6. There is a lot of funding in the form of grants and programs to encourage growth, but it means most farmers need to become grant writers. Large scale farms now have professional grant writers, smaller farms where the regenerative practices might have the most impact are having a difficult time accessing these programs.

7. Carharts are fashionable and really expensive. My dad found my first carhart on the side of the road with treadmarks across it and I got made fun of for it. Give me back my carharts.

Here are some of the things that are really helping with these problems though:

1. most farmers are really stubborn and will push through problems because its just work

2. Agritourism is bringing in a lot of renewed interested in farming & money.

3. Food chain issues (looking at you boarshead & mcdonalds) is bring a renewed interest in buying local.

4. Regenerative farming simply makes better food. Seriously, I cannot eat grocery store pork or chicken. The meat looks and tastes different.

5. Ignoring no-till techniques, there are techniques that can be started at a low cost for small scale farms. Chicken tractors, rotational grazing, soil health programs, etc. My family has been doing chicken tractors for chickens and turkey for personal consumption. Its been pretty easy for 1-2 person to raise 1500+lbs of meat with only about an hour of work a day. The only labor intensive day is harvesting and we've really gotten it streamlined. Its also eliminated the need for fertilizing or aerating the area they are run in.

6. I've noticed its really bonding family farms together and bringing in younger farmers in with a sense of ownership and purpose

rmosolgo

Thanks for sharing all these reflections on the topic. Regarding Carhartts, I can really recommend Super Casuals, which sells Carhartt factory seconds: https://www.supercasuals.com/category.cfm/449

They're stamped "IRR" on the inside... but that's more subtle than tread marks XD I usually order several sizes of what I'm interested in and send most of them back.

dehrmann

> the government has a very strong interest in keeping food cheap

I'd go further. Governments and society want to overproduce food for resiliency. Markets aim for efficiency, so you need some amount of subsidies for production.

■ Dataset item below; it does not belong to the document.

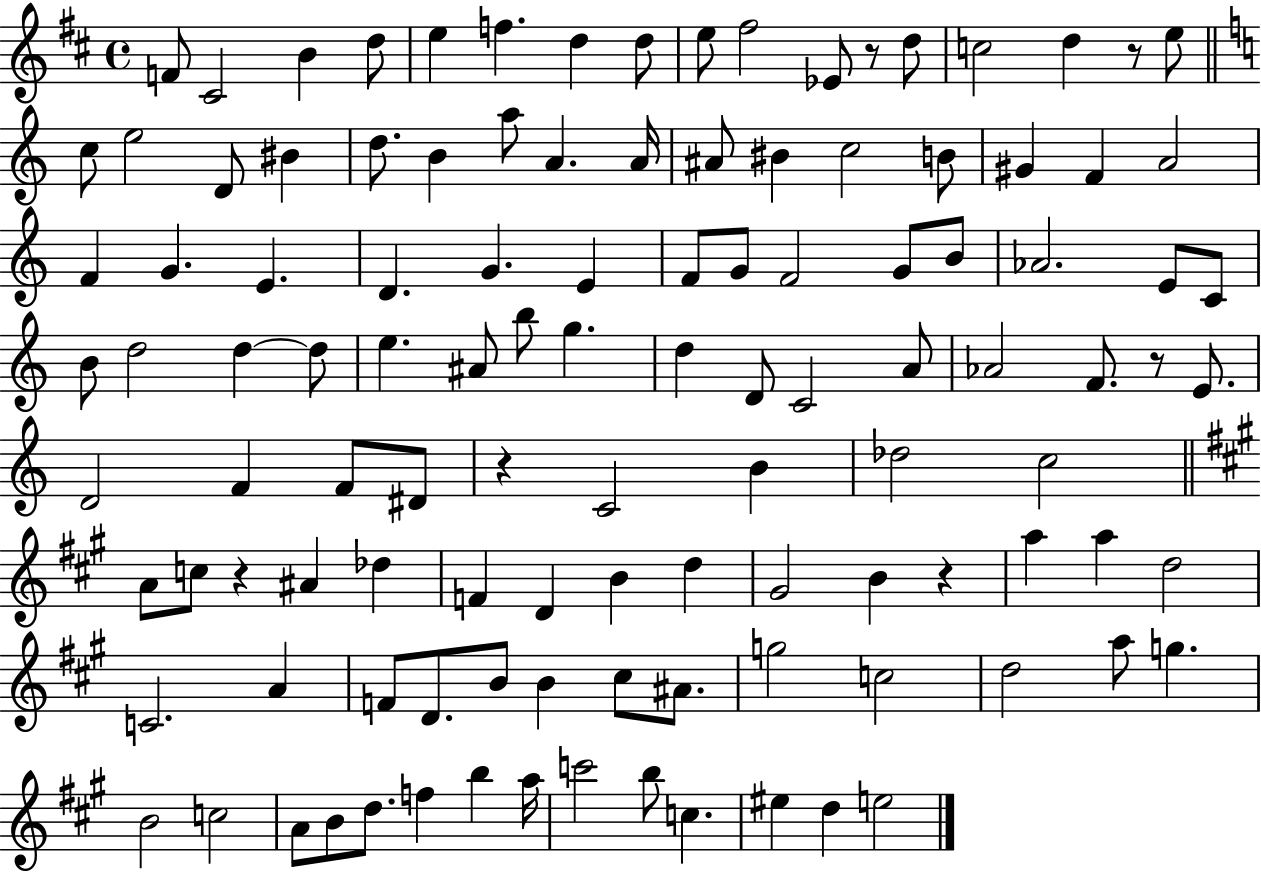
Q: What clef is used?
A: treble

> Food chain issues (looking at you boarshead & mcdonalds) is bring a renewed interest in buying local

Buying local doesn't really solve this.

_zoltan_

> 4. agricultural land shrinks every year. EVERY year. new farms are harder and harder to start & we really cannot afford to dip our food supply

of course we can.

for corn, circa 40% is used to feed livestock and 35% for ethanol production. there is very little human consumption.

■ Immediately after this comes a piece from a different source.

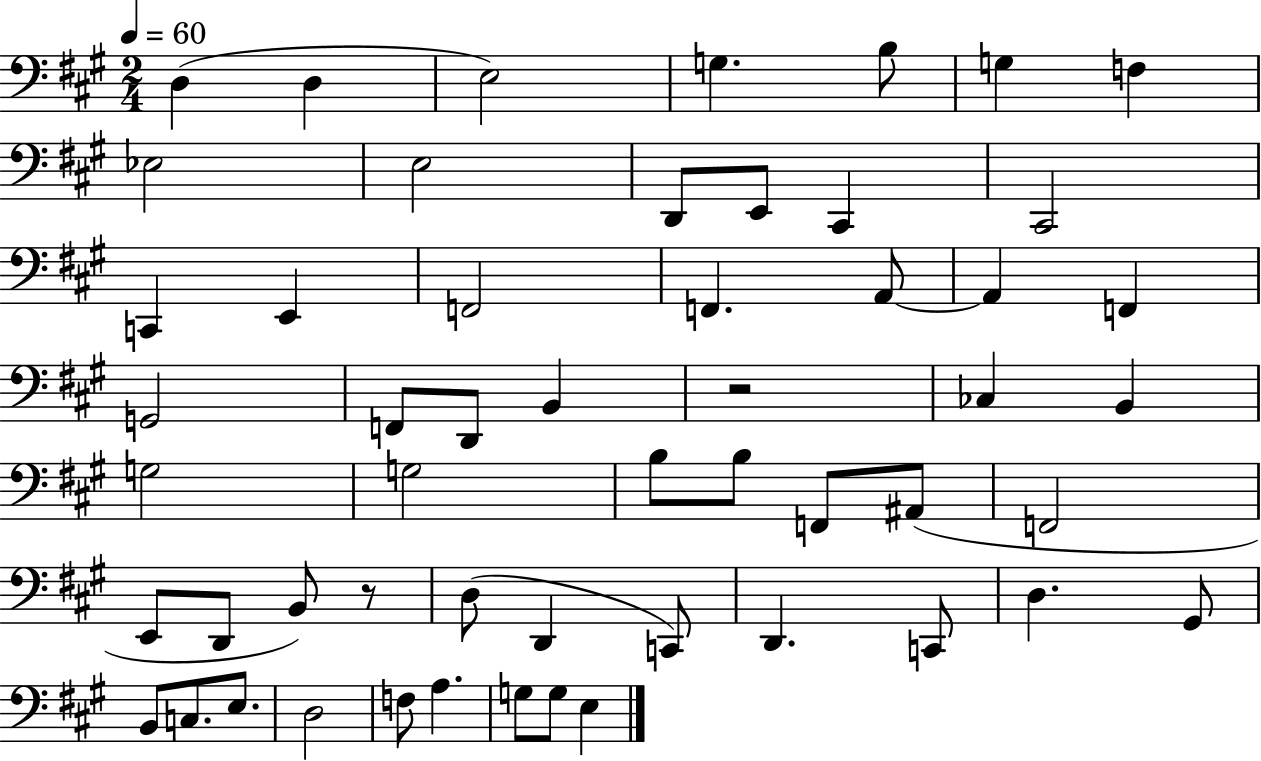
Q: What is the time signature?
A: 2/4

for wheat, in the US and Europe, only around 35% is used to feed humans.

we really should do much more regenerative agriculture so people eat better food down the chain.

Cornbilly

> for corn, circa 40% is used to feed livestock and 35% for ethanol production. there is very little human consumption.

Good luck with getting Americans to pay more for and/or eat less meat.

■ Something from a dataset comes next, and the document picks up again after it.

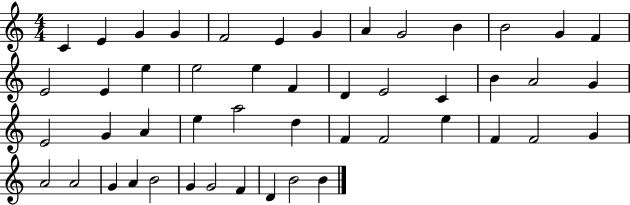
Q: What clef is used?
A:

We’re practically addicted to eating meat in some form at every meal. Not to mention the weird group of folks that have tied eating meat to masculinity.

_zoltan_

nobody talked about eating less meat. I love meat as well. if you feed your livestock better, you get better quality meat!

I was shocked how cheap meat is in the US. I was at Costco looking at some briskets and pork belly.

Here in Switzerland for good quality meat you're going to pay between 30-50 CHF/kg for pork and up to 120 CHF/kg for beef.

codingdave

> most farmers need to become grant writers.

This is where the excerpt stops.